Awards such as these are often questioned as pay for non-performance
"Fortunately, these two severance packages were the exception, not the rule in 2005, but they certainly captured the headlines. Awards such as these are often questioned as pay for non-performance," said Steven Hall, Managing Director of Steven Hall & Partners.

"Going forward, the cost of packages like the one received by Carly Fiorina pursuant to her hiring employment contract with Hewlett Packard will be disclosed up-front under the proposed Securities and Exchange Commission (SEC) rules and no longer catch shareholders unaware."

However, a few companies such as Coca-Cola, Union Pacific, EDS and American Electric Power, as well as Hewlett Packard, have now adopted policies requiring shareholder approval of senior executive severance that exceeds 2.99 times the sum of the executive's annual base salary and bonus.

According to Mr. Hall, such policies should serve in the future to discourage payments such as the package granted to the departing Mr. Purcell by his friendly board.

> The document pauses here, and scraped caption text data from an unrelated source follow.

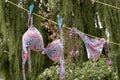 Bikini on clothes line Royalty Free Stock Photo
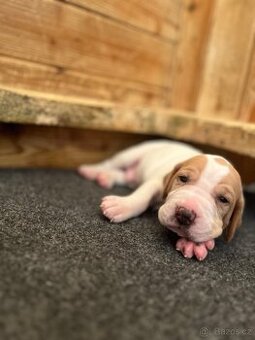 Pointer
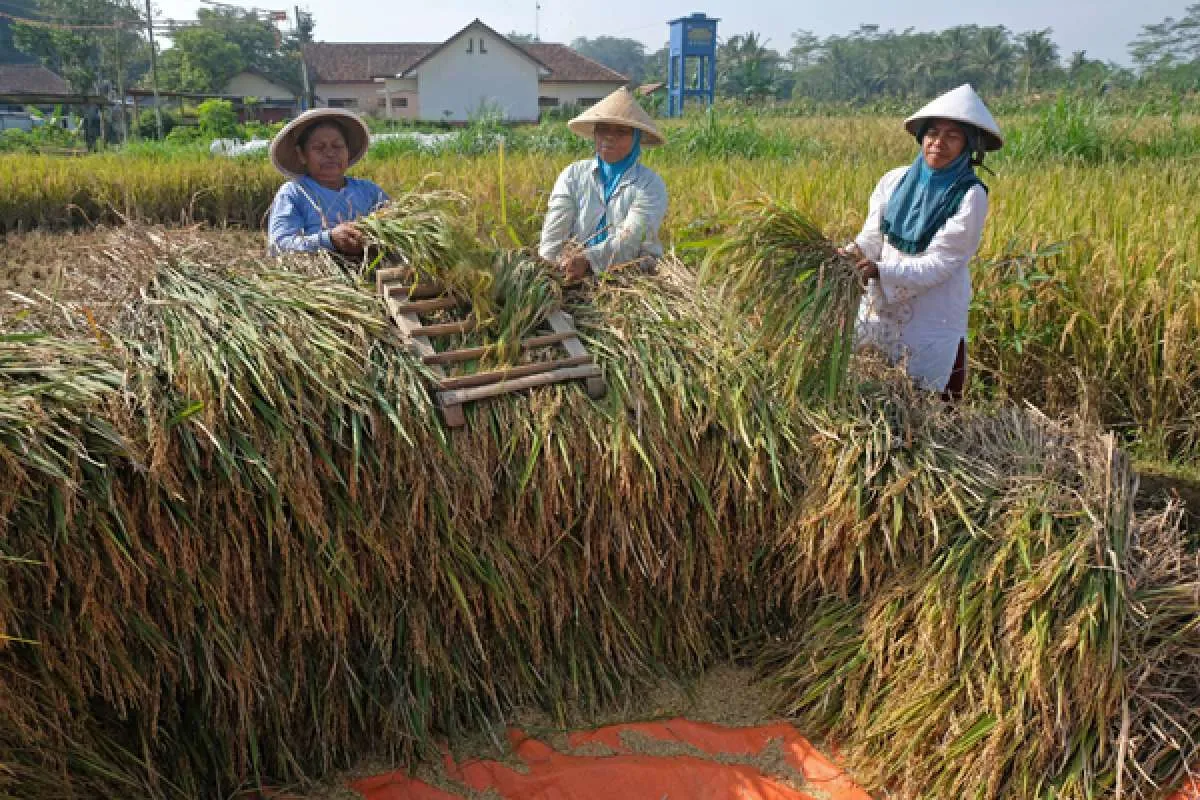 Tingkatkan Penyerapan Beras, Bulog Janji Maksimalkan Seluruh Jaringan yang Ada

Five other executives in the Steven Hall & Partners study who left their CEO positions in 2005 are also being compensated, but for undertaking additional duties.

Kent B. Foster, former CEO of Ingram Micro, became the company's non-executive Chairman of the Board and received $7.6 million in cash and stock, the largest disclosed payout in this group.

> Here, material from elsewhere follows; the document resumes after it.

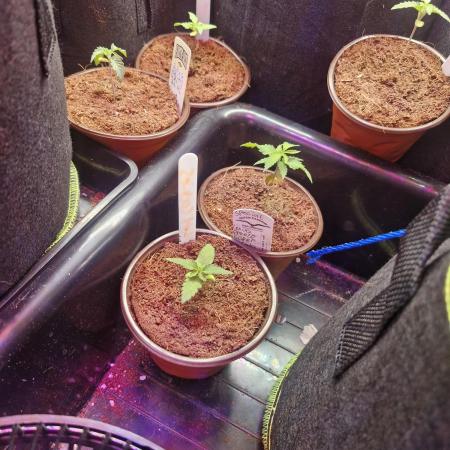 Super Sativa Seed Club Special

Former Exxon Mobil CEO Lee Raymond, who led his company to new heights, has a one-year transitional agreement pursuant to which he has additional responsibilities, and is the most highly compensated over the long term. In addition to $1 million in cash, he will receive a pension stream with a present value of an astonishing $81.3 million.

While other CEOs may receive similar pension benefits, Exxon Mobil is one of the few to fully disclose the present value of its pension benefits in its proxy. Exxon's disclosure conforms to pending enhanced SEC disclosure requirements.

Among the other retired CEOs who are fulfilling additional duties is Craig Barrett of Intel, who received $610,000 in his separation agreement.

While neither Raymond Gilmartin of Merck, nor Alan Lacy of Sears Roebuck, received any separation payments, both continue to be compensated for duties pursuant to their respective agreements.

Mr. Gilmartin will receive $1.6 million in salary and be eligible to receive annual bonuses, while Mr. Lacy continues to receive a salary, bonus and equity awards in his role as Vice Chairman of the Board.

Departing CEOs, for whom no cash payouts were disclosed as of December 31, 2005, were Harry Stonecipher of Boeing; Maurice Greenberg of AIG; J.T. Battenberg III of Delphi; Robert O'Connell of Mass. Mutual Life Insurance; and Robert L. Tillman of Lowes.

Each of these departures represents a different situation, including forced resignation, planned retirement, and change in control.

The other CEO transitions among the top 100 companies in 2005 resulted from M&A transactions. David Dorman left his CEO position with AT&T following its merger with SBC, receiving $10 million in cash and a consulting agreement spanning three years, during which time he will be paid $10 million in stock.

When Timothy Donahue left his CEO position of Nextel Communications and was named Chairman of Sprint Nextel, the company created by the merger, Gary Forsee, formerly CEO of Sprint, became the CEO of the combined company.